Bien souvent, ceux-là mêmes qui utilisent l’argument de croisades qui datent de 1000 ans pour discréditer l’authenticité de l’expérience chrétienne, sont ceux qui disent que la doctrine chrétienne est passéiste et réfractaire à l’évolution… Quoiqu’il en soit, un petit détour vers Wikipédia vous permettra de vous faire votre propre idée sur le sujet.

Au fond, les religions n’ont-elles pas toutes le même message?

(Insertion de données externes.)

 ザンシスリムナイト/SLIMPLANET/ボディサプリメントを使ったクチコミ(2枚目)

D’un point de vue philosophique (et que l’on peut donc prouver par l’exercice de la raison ; contrairement à la spiritualité, qui consiste en une expérience personnelle qu’on ne peut ni mesurer ni juger de la véracité), il n’y a qu’une seule vérité qui puisse exister. Chaque individu a la responsabilité de la trouver et je crois, personnellement, que chacun, peu importe sa religion ou sa provenance sociogéographique, peut nous apporter un éclairage sur La Vérité. Jésus enseigne d’ailleurs que les plus petits et vulnérables de notre monde ont beaucoup à nous apprendre au sujet de la vérité.

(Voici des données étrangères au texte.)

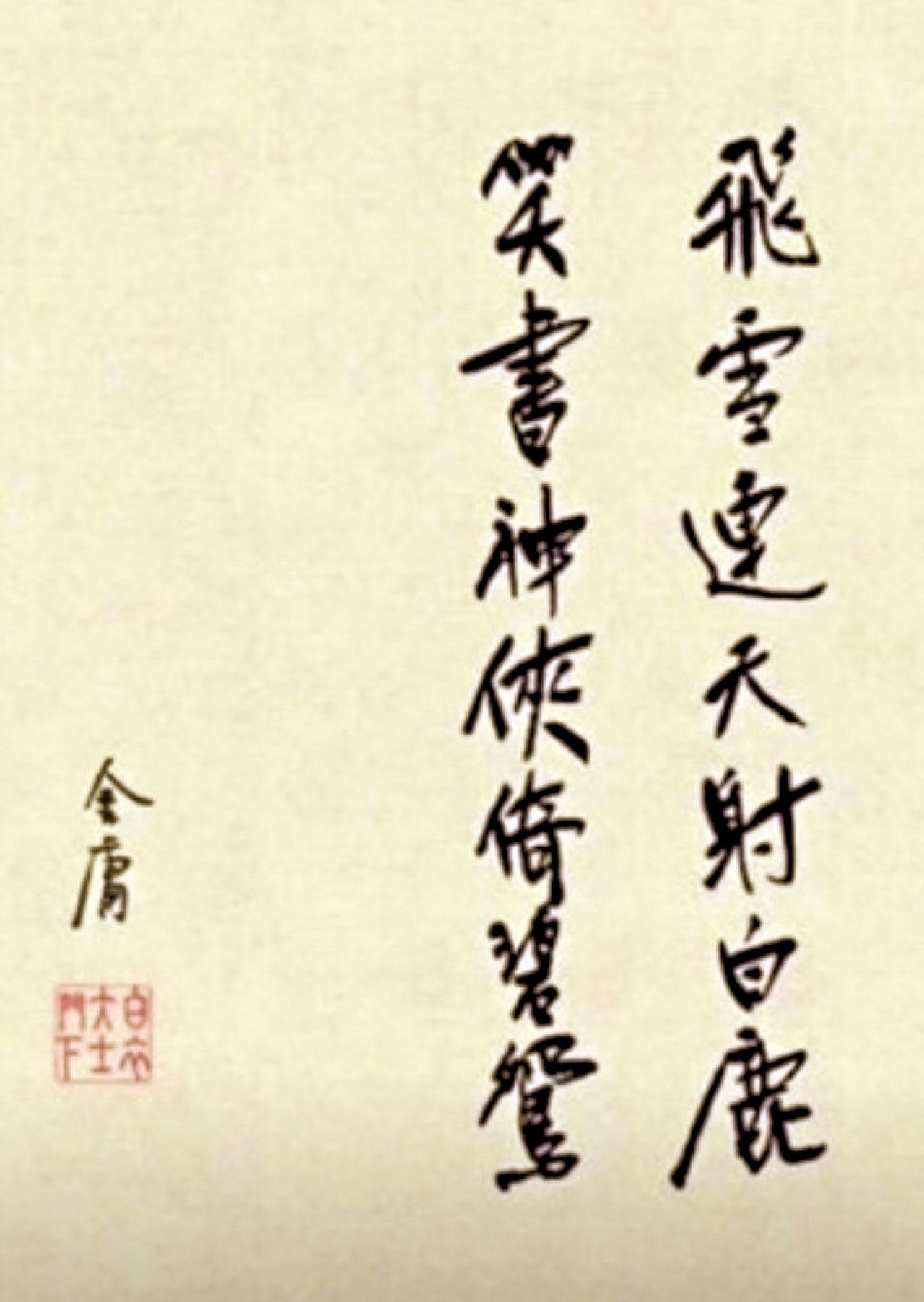 「流金」猖獗 激死金庸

La foi en la personne de Jésus Christ n’est pas une opinion subjective, mais l’accueil d’une réalité dont toute personne dotée de raison peut juger de la validité ou non. Je suggèrerais à toute personne qui voudrait vraiment comprendre en quoi consiste l’enseignement de Jésus de ne pas avoir peur de ce qu’elle découvrira. La liberté d’adhésion est fondamentale dans la foi chrétienne et aucun chrétien ne saurait vous forcer à croire en ces choses somme toute assez incroyables telles que la résurrection de Jésus de Nazareth, la marche sur les eaux ou la multiplication des pains. Faites confiance à votre capacité de juger par vous-même de la véracité de l’enseignement. Commencez par découvrir la personne de Jésus, en prenant votre temps et en posant beaucoup de questions. Si vous n’êtes pas satisfait des réponses, demandez à un autre chrétien et comparez les réponses jusqu’à ce que vous ayez trouvé la véritable position sur un sujet donné!

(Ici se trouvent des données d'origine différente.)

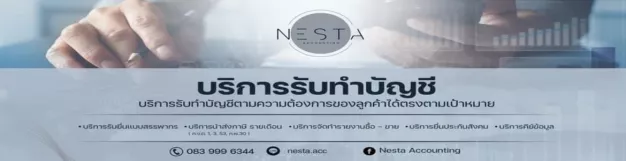 เนสต้า แอสเสท เนสต้า แอสเสท
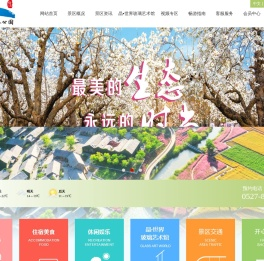 江苏三台山国家森林公园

Le parcours Alpha est un excellent moyen de découvrir l’enseignement de Jésus tout en rencontrant des gens qui partagent les mêmes préoccupations que tout le monde : trouver l’amour, avoir un boulot satisfaisant et payant, trouver un équilibre entre la famille et toutes les autres priorités qui s’incrustent subtilement dans notre agenda au fil du temps… Les chrétiens ne sont pas au-dessus des autres et ne sont pas déconnectés de la réalité. Ils ont tout simplement fait la rencontre d’un homme qui a dit qu’il est Dieu, et cela a changé leur vie! N’ayez pas peur de leur poser toutes vos questions!

2 réponses

    1. Généralement le texte apporte des nuances auxquelles les catholiques ne sont pas familiers.Sortir d’une fâcheuses habitude de juger plutôt que d’accueillir sans condition est un long apprentissage, exigeant et profondément spirituel. Les catholiques ont commis des exactions? Bien sûr: Inquisition, Croisades etc. Peuvent-ils en être pardonnés? En lisant du même auteur, Yuval Noah Harari, Sapiens et Homo Deus on peut mieux comprendre notre évolution comme humanité. Ses propos ébranlent et déstabilisent mais purifient aussi tout ce qui émerge de nos illusions, de notre imaginaire, de la fiction.